YOUR INSTRUCTIONS: Here is a block of entries. Write out its lines exactly, from the first through the one containing "Кресло BN_Dp_Руководителя EChair-535".

GIVEN DATA:
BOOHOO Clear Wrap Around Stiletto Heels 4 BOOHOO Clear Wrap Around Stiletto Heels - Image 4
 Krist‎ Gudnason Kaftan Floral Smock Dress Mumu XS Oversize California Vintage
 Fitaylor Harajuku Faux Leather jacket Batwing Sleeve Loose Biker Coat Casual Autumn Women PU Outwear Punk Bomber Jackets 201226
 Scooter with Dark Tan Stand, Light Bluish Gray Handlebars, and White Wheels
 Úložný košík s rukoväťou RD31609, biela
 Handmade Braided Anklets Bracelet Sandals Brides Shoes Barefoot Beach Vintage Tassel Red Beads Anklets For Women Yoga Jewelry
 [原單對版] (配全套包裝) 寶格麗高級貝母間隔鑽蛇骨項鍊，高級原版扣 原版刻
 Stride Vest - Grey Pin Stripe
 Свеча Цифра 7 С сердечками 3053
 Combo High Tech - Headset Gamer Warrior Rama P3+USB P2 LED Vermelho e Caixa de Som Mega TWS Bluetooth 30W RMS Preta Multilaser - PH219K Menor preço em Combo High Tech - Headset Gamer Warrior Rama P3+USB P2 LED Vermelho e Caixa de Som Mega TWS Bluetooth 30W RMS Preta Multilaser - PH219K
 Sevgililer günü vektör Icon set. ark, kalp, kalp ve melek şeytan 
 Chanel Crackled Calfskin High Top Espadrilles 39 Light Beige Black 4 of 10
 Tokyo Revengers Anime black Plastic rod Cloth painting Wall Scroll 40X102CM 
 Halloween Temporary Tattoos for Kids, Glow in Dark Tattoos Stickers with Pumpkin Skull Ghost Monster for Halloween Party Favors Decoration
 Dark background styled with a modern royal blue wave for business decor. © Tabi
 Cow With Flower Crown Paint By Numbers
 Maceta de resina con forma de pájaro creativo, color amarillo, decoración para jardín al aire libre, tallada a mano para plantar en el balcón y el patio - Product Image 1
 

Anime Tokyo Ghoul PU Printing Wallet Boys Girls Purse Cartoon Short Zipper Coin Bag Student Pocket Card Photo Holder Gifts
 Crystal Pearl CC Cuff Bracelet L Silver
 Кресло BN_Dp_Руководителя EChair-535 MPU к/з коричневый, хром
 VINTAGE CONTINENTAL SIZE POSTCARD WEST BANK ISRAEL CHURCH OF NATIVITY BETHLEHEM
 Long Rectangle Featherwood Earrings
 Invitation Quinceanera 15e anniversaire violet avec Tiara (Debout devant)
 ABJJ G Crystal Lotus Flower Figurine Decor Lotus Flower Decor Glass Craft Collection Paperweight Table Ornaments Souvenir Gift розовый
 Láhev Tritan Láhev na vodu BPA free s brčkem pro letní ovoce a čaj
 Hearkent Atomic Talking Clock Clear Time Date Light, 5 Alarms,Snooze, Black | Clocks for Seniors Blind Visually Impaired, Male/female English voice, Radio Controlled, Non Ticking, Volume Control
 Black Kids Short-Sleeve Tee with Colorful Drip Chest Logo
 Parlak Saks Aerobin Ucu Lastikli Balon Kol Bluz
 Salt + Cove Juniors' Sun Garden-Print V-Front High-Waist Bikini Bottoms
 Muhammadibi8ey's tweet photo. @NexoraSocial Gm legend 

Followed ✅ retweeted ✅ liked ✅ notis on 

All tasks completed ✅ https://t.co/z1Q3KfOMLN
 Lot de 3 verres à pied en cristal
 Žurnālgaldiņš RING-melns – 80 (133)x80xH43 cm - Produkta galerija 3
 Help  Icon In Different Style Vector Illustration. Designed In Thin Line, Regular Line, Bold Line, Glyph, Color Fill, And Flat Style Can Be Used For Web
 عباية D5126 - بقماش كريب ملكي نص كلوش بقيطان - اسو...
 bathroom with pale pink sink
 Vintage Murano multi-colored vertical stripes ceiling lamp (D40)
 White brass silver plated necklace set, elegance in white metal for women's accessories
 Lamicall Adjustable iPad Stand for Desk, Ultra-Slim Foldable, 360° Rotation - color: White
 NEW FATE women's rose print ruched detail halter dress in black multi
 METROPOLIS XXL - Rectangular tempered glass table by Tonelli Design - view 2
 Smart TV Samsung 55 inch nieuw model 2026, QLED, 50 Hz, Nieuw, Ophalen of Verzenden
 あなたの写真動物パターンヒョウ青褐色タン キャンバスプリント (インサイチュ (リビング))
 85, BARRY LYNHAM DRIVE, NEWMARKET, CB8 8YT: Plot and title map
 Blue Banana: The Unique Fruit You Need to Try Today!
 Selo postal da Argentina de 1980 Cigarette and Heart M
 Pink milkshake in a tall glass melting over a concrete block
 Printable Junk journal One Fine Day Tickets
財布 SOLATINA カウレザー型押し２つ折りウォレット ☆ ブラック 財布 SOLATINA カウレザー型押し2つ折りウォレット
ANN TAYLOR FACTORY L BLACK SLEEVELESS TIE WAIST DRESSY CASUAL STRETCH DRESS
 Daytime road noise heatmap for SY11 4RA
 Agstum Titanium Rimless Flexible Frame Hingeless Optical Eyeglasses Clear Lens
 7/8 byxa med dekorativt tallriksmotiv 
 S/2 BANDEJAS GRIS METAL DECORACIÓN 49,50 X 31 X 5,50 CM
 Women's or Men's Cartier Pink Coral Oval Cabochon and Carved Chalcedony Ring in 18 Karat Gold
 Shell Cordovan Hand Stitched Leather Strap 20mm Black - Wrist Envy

RESPONSE TO THE TASK:
BOOHOO Clear Wrap Around Stiletto Heels 4 BOOHOO Clear Wrap Around Stiletto Heels - Image 4
 Krist‎ Gudnason Kaftan Floral Smock Dress Mumu XS Oversize California Vintage
 Fitaylor Harajuku Faux Leather jacket Batwing Sleeve Loose Biker Coat Casual Autumn Women PU Outwear Punk Bomber Jackets 201226
 Scooter with Dark Tan Stand, Light Bluish Gray Handlebars, and White Wheels
 Úložný košík s rukoväťou RD31609, biela
 Handmade Braided Anklets Bracelet Sandals Brides Shoes Barefoot Beach Vintage Tassel Red Beads Anklets For Women Yoga Jewelry
 [原單對版] (配全套包裝) 寶格麗高級貝母間隔鑽蛇骨項鍊，高級原版扣 原版刻
 Stride Vest - Grey Pin Stripe
 Свеча Цифра 7 С сердечками 3053
 Combo High Tech - Headset Gamer Warrior Rama P3+USB P2 LED Vermelho e Caixa de Som Mega TWS Bluetooth 30W RMS Preta Multilaser - PH219K Menor preço em Combo High Tech - Headset Gamer Warrior Rama P3+USB P2 LED Vermelho e Caixa de Som Mega TWS Bluetooth 30W RMS Preta Multilaser - PH219K
 Sevgililer günü vektör Icon set. ark, kalp, kalp ve melek şeytan 
 Chanel Crackled Calfskin High Top Espadrilles 39 Light Beige Black 4 of 10
 Tokyo Revengers Anime black Plastic rod Cloth painting Wall Scroll 40X102CM 
 Halloween Temporary Tattoos for Kids, Glow in Dark Tattoos Stickers with Pumpkin Skull Ghost Monster for Halloween Party Favors Decoration
 Dark background styled with a modern royal blue wave for business decor. © Tabi
 Cow With Flower Crown Paint By Numbers
 Maceta de resina con forma de pájaro creativo, color amarillo, decoración para jardín al aire libre, tallada a mano para plantar en el balcón y el patio - Product Image 1
 

Anime Tokyo Ghoul PU Printing Wallet Boys Girls Purse Cartoon Short Zipper Coin Bag Student Pocket Card Photo Holder Gifts
 Crystal Pearl CC Cuff Bracelet L Silver
 Кресло BN_Dp_Руководителя EChair-535 MPU к/з коричневый, хром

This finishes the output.